Ask for Alice: Online Covert Distress Signal in the Presence of a Strong Adversary

TL;DR

This paper introduces a covert distress signaling protocol using TLS handshakes that enables users to secretly alert trusted parties while under surveillance, with minimal overhead and high security against strong adversaries.

Contribution

The paper presents a novel protocol leveraging TLS handshakes for covert distress signals, compatible with existing websites and resistant to detection by powerful adversaries.

Findings

Protocol successfully conceals distress signals within normal TLS traffic

Security analysis proves adversary cannot distinguish distress signals from regular communication

Minimal computational overhead for website participation

Abstract

In this paper we propose a protocol that can be used to covertly send a distress signal through a seemingly normal webserver, even if the adversary is monitoring both the network and the user's device.
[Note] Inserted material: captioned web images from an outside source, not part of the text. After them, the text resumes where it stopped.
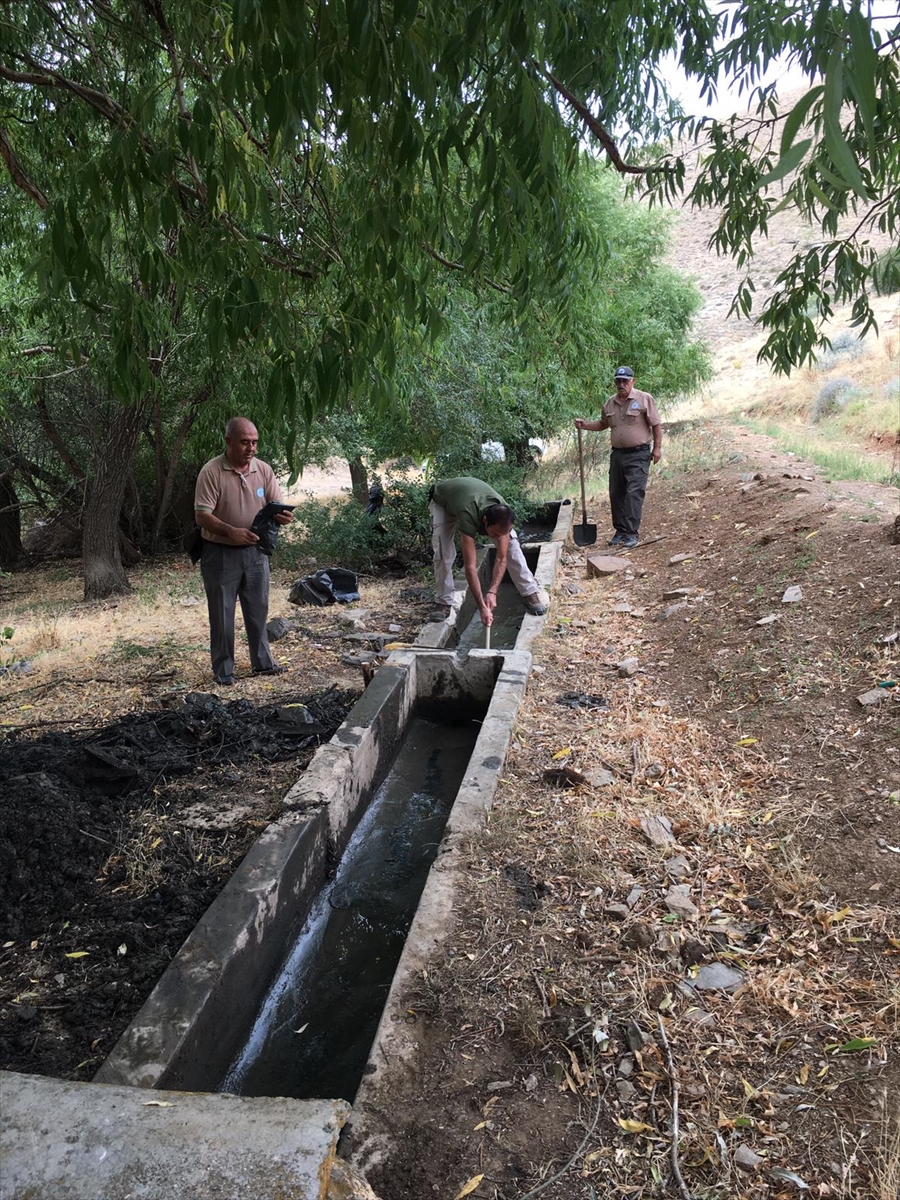 Kırşehir Kervansaray Dağı, Anadolu yaban koyunları için hazırlanıyor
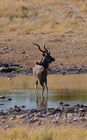 Ein prächtiger Kudu im Etosha Nationalpark. Über 20 Antilopenarten und 114 Säugetierarten sind hier zu sehenA huge Kudu in Etosha Nationalpark. More than 20 different antilopes can be seen here. 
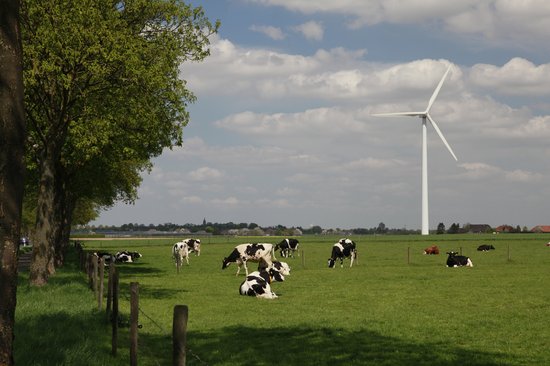 het-ontstaan-van-kalfsvlees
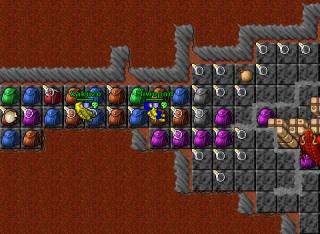 Miwopod · Tibia 7.24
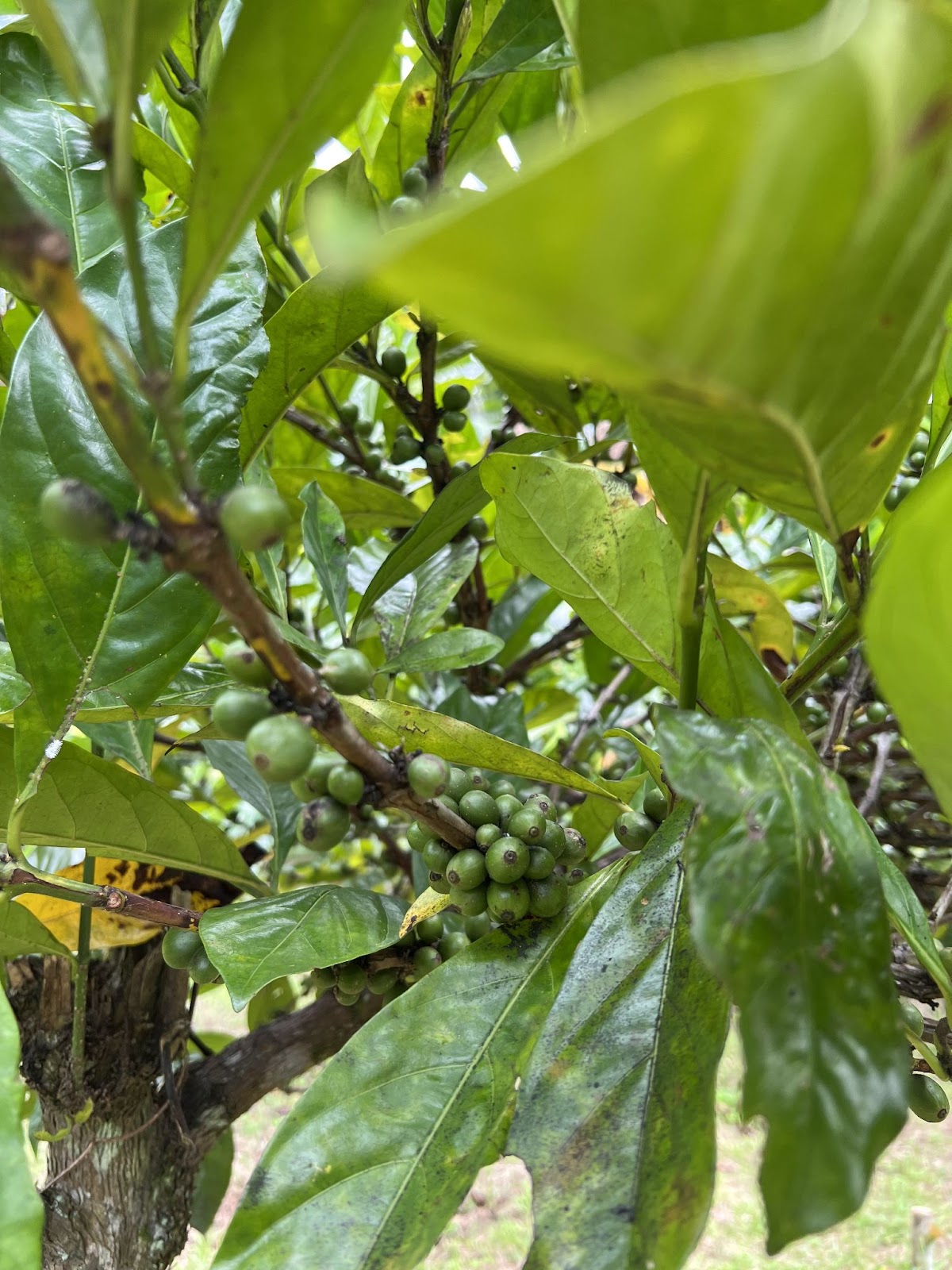 Close-up of green Philippine coffee beans growing on a tree, surrounded by lush green leaves.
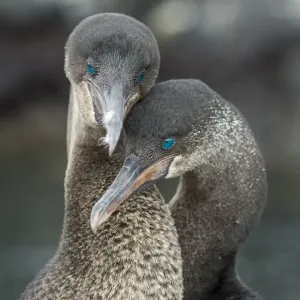 Flightless Cormorant Pair in Courtship Print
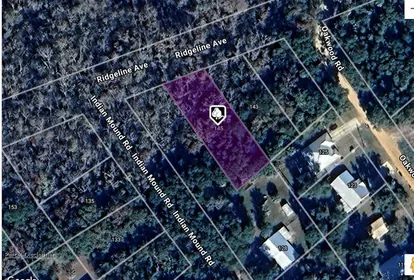 SATSUMA FL Property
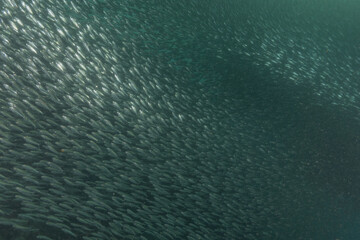 Fish swim in the Sea of the Philippines
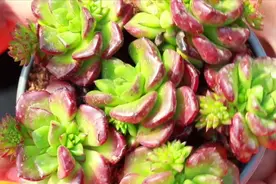 多肉感染小黑虫千万别慌，只需记住这招，多肉轻松猛长爆满盆视频封面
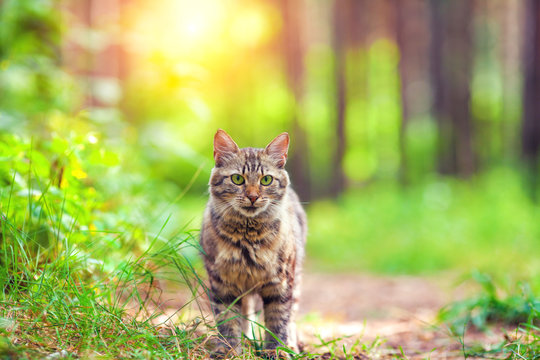 Cute siberian cat walking in the forest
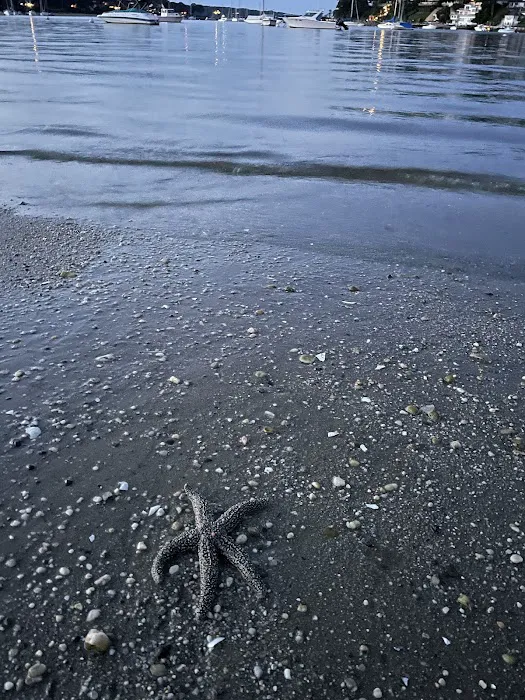 Gold Star Beach Park Picture 9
This allows a user to call for help even when they are in the same physical space as their adversaries. We model such a scenario by introducing a strong adversary model that captures a high degree of access to the user's device and full control over the network. Our model fits into scenarios where a user is under surveillance and wishes to inform a trusted party of the situation. To do this, our method uses existing websites to act as intermediaries between the user and a trusted backend; this enables the user to initiate the distress signal without arousing suspicion, even while being actively monitored. We accomplish this by utilising the TLS handshake to convey additional information; this means that any website wishing to participate can do so with minimal effort and anyone monitoring the traffic will just see common TLS connections. In order for websites to be willing to host such a functionality the protocol must coexist gracefully with users who use normal TLS and the computational overhead must be minimal. We provide a full security analysis of the architecture and prove that the adversary cannot distinguish between a set of communications which contains a distress call and a normal communication.